From the side of the graveyard Gorey’s Market house , Gorey’s oldest building ,built in 1709, is clearly visible. There was a passageway from here to the church and graveyard which was probably used by the Ram family to attend church and funerals.

The graveyard was officially closed in 1874 but was used occasionally until the new graveyard was opened in Christchurch in 1889.

Bishop Ram was born in Windsor in England in 1564. He came to Ireland as chaplain to the Earl of Essex, who was executed by Queen Elizabeth ,and Ram later served as chaplain to Lord Mountjoy.

The site of the old Ram’s Arms Hotel [1700-1977]near the current garda Barracks is now a car park .If you ever visit Gorey you can clearly see the circular blue historic mark with a brief detail of Rams Hotel.

A very nice Heritage Orchard was developed and planted in 2013 ,at the opposite end of the carpark ,next to the Fire brigade station. Once again there are marker signs and a history of the area and also of the present Heritage Orchard. . They give great detail of the various types of apple trees planted there.

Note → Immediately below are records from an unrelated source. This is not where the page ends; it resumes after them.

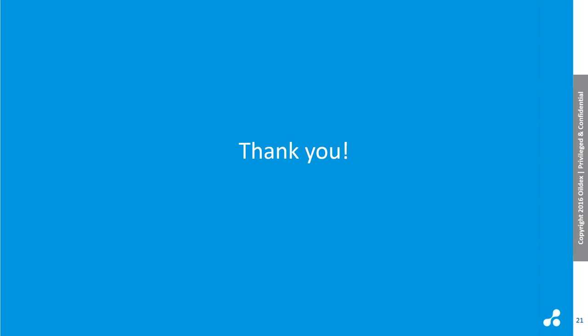That does it. Thank you everybody — I really appreciate you taking your time to join me. If you have any additional questions, please email info@oildex.com and we will arrange to have somebody follow up with you.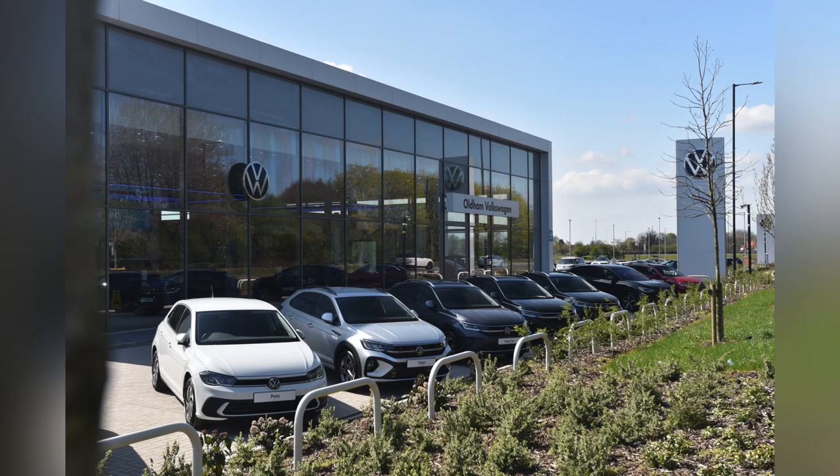This vehicle comes with a minimum of two years Volkswagen Approved Used warranty and two years roadside assistance. For more information on this vehicle, please get in touch on 0161 825 8520 or enquire online now.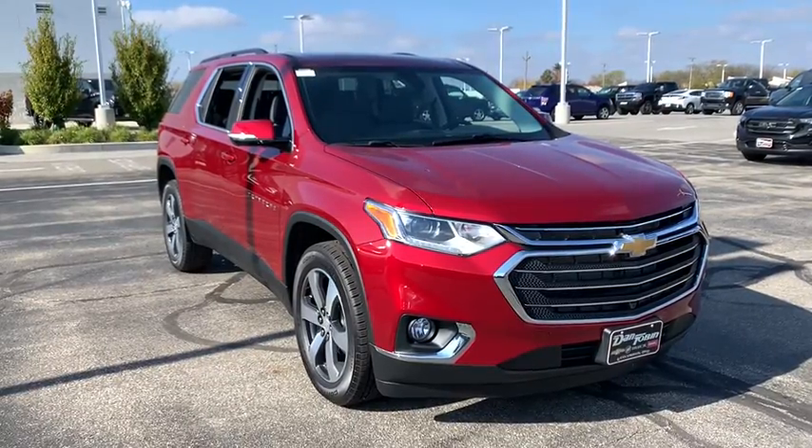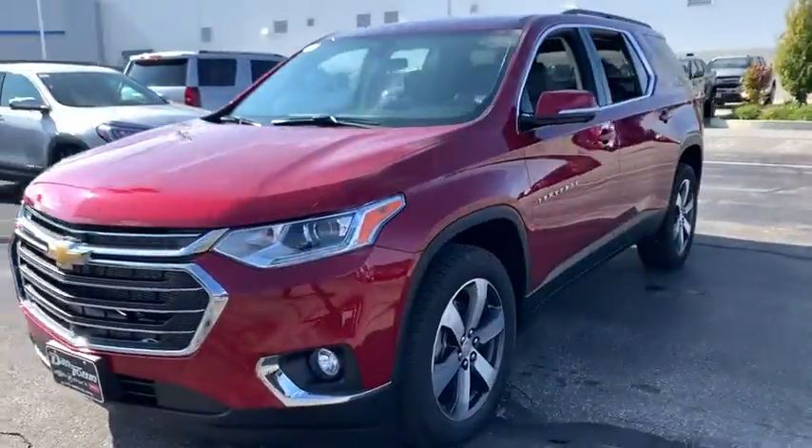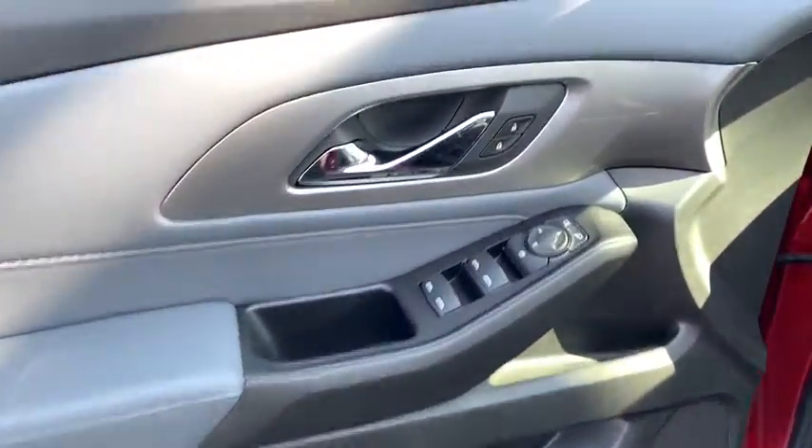Looking for the right vehicle? Check out the 2020 Chevrolet Traverse. Chevy Traverse is more stylish than minivans and far more fuel and space efficient than truck-based SUVs. Crossovers like the Traverse are excellent family vehicles.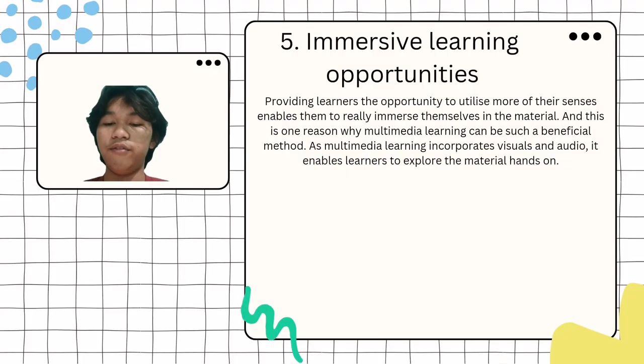Number 5: Immersive Learning Opportunities. Providing learners the opportunity to utilize more of their senses enables them to really immerse themselves in the material, and this is one of the reasons why multimedia learning can be such a beneficial method. As multimedia learning incorporates visuals and audio, it enables learners to explore the material hands-on.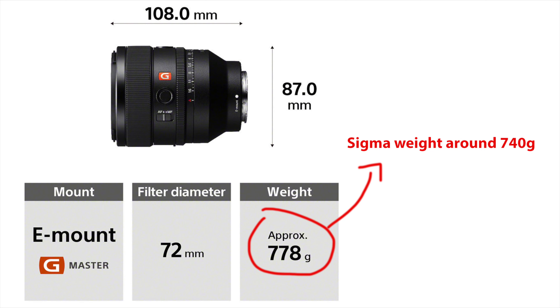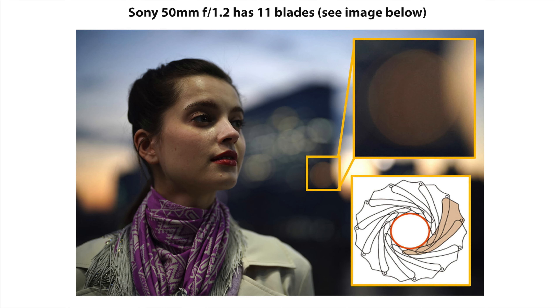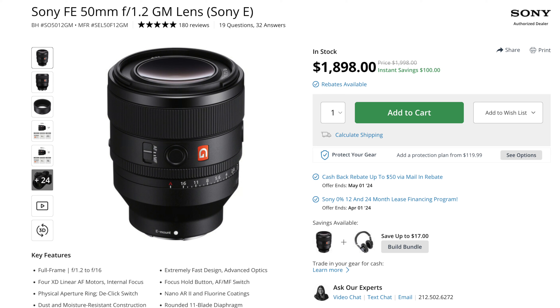The source shared some additional details. The lens is 40 grams lighter than the Sony 50mm f/1.2 GM, making it the lightest autofocus full-frame f/1.2 prime on the market. It will also feature 13 aperture blades — two more than the Sony GM's 11 — promising extra creamy bokeh. It will also be more affordable than the Sony 50mm GM.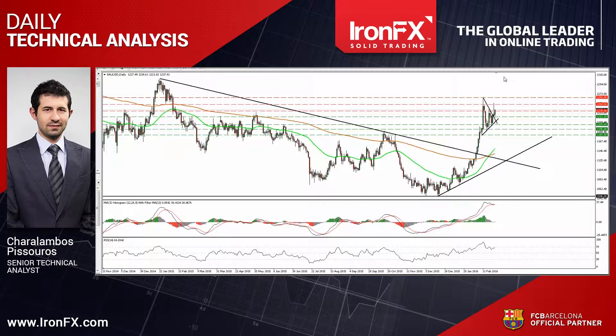So that's it for today. For more analysis and charts, please read the full comment on ironfx.com. You can also follow us on Twitter, like us on Facebook, subscribe to our YouTube channel, or circle us on Google Plus to get more trading ideas. This is Jaro Lambos Pissuros, Senior Analyst at IronFX Global, wishing you solid trading.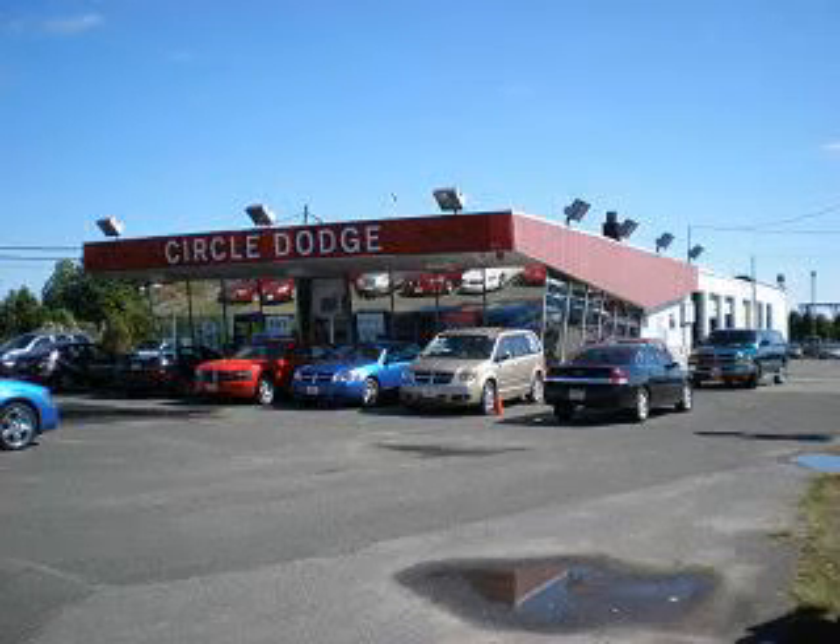See us at Circle Dodge today. For great customer service before, during, or after the sale, check with Charlie, right here at Circle Dodge.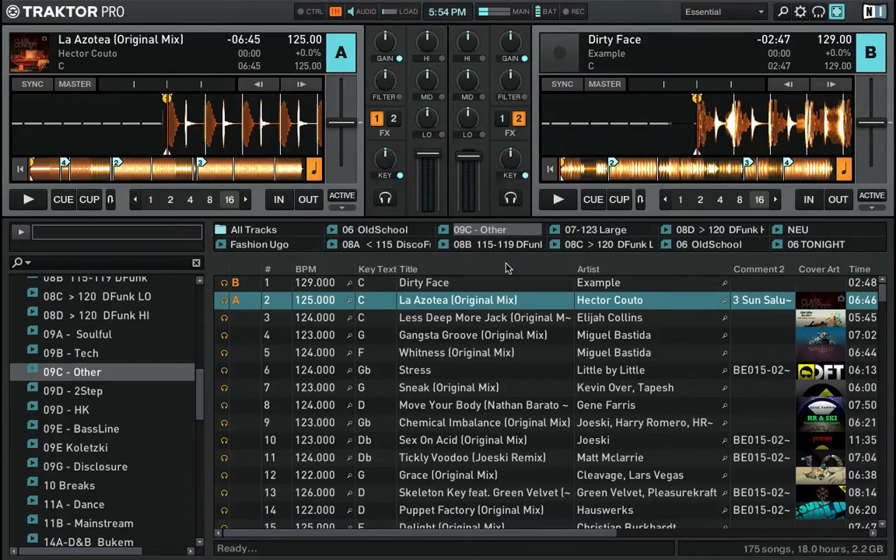Hi, this is Daniel from Traktor DJ Course. I wanted to share how I prepare myself for a gig. I have a gig later tonight and I don't remember every single one of my 4000 tracks in my collection, so what I like to do before a gig is to refresh my acoustic memory. Loading tracks and playing them all in a row can be a bit tedious, so I use one little trick in Traktor.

There were always orchards around this area. The Ram’s Palace built around 1641 contained an orchard and the addresses of the houses built on that site are still known as The Orchard.

There is also a housing Estate in Gorey named Ramsfort Park.

There have been a lot of plans and ideas in recent years to turn the rear of the market house into a modern-day music hall. While it would be a great boon to Gorey to have such a facility, we must also be sensitive of our past.

The market house is described by Wexford County Council as follows ”this iconic building is an integral part of the fabric of Main Street, Gorey”. It was built in 1709 . There are a few similar buildings around Ireland, notably in Ballinrobe and Tullamore.

While its main function was as a market house it was also used as a courthouse and prison during the pikemen rebellion of 1798 .

It was later used as a parochial school circa 1837.

In 2019 the project was given a grant of 430000 euros to progress to detailed design stage.

There are still lots of arguments pro and contra to this application . The jury is still out.

If this iconic building were to be converted into a concert venue it would be an imperative to restore the pillars on the Northern side of the graveyard to at least preserve the dignity, character and security of the graveyard. It is a special place in the heart of Gorey.

Full marks must go to the group of volunteers who have worked so hard over recent years to help restore and preserve our Gorey heritage for the future.

I hope their project comes to fruition with the erection of proper signage and explanatory notice boards around this absolutely fascinating part of Gorey’s past.

My thanks to my guide whose name I did not get and to Willie Willoughby for his excellent historical leaflet.